Exercise aim:
For every line below, restate it exactly and drop the images.

Information supplied:
*** Block opens ***
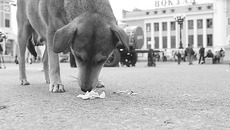 Фото Аркадия УВАРОВА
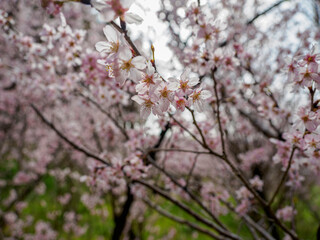 満開の桜の園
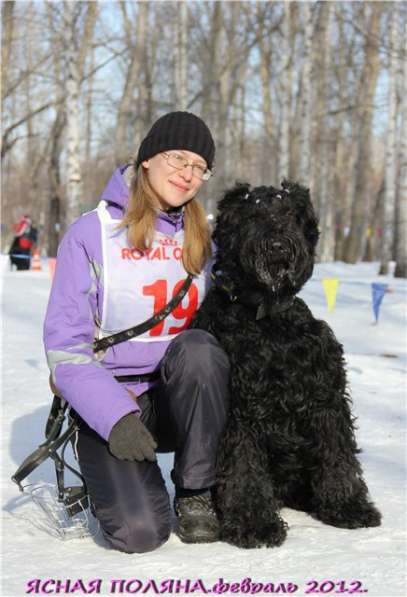 Русский черный терьер, перспективные щенки в Екатеринбурге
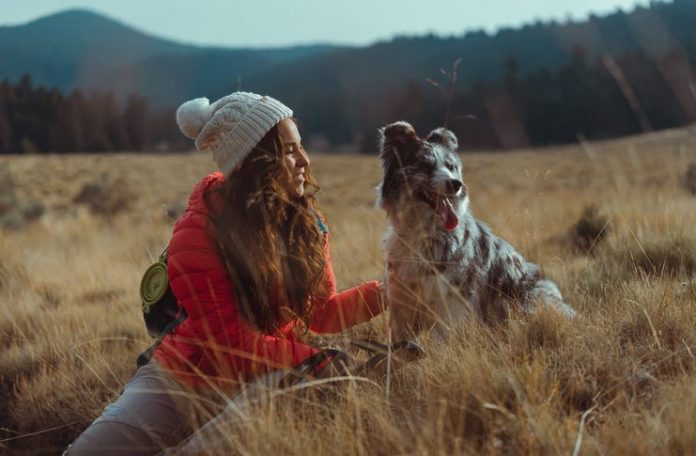Travel with Your Dog Travel with Your Dog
*** Block closes ***
Written response:
 Фото Аркадия УВАРОВА
 満開の桜の園
 Русский черный терьер, перспективные щенки в Екатеринбурге
Travel with Your Dog Travel with Your Dog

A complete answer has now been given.